Did they work before 9.2.1?

My PowerBook wouldn't run my USB QuickCam once I upgraded to 9.2.1...

Have you gone to the hardware manufacturers website, and e-mailed/phoned them? 

I'm assuming it's just a driver issue... Do they work in OS X?


----------



## Chris (Oct 31, 2001)

I cannot run OS X because my Voodoo5 causes it to freeze during startup.  This is a very annoying incompatibility, but considering the fact that most of the stuff I do doesn't work or doesn't have an equivalent yet in X, I'm not overwhelmingly disappointed.

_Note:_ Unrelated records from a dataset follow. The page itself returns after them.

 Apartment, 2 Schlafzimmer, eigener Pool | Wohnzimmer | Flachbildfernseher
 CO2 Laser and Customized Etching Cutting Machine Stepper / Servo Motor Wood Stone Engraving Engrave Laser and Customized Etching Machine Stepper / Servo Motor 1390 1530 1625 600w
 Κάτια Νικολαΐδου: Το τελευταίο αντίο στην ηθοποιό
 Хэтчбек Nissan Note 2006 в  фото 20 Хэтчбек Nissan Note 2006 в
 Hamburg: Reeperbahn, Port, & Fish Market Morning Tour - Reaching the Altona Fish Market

I don't know if the speakers worked on my prior to OS 9.2.1, because I installed them after I updated to 9.2.1.  The iMac I used to test them runs 9.1.


----------



## Chris (Nov 10, 2001)

Well it turns out that it _does_ work in OS 10.1 (I finally had the courage to flash my Voodoo5 to PC, disabling it, and install OS X), so there must be a quirk in 9.2.1 that is keeping it from working.  Just for the record, what I was trying to connect wasn't exactly a pair USB speakers, but instead the MD-Port DG-1, a USB audio device.


----------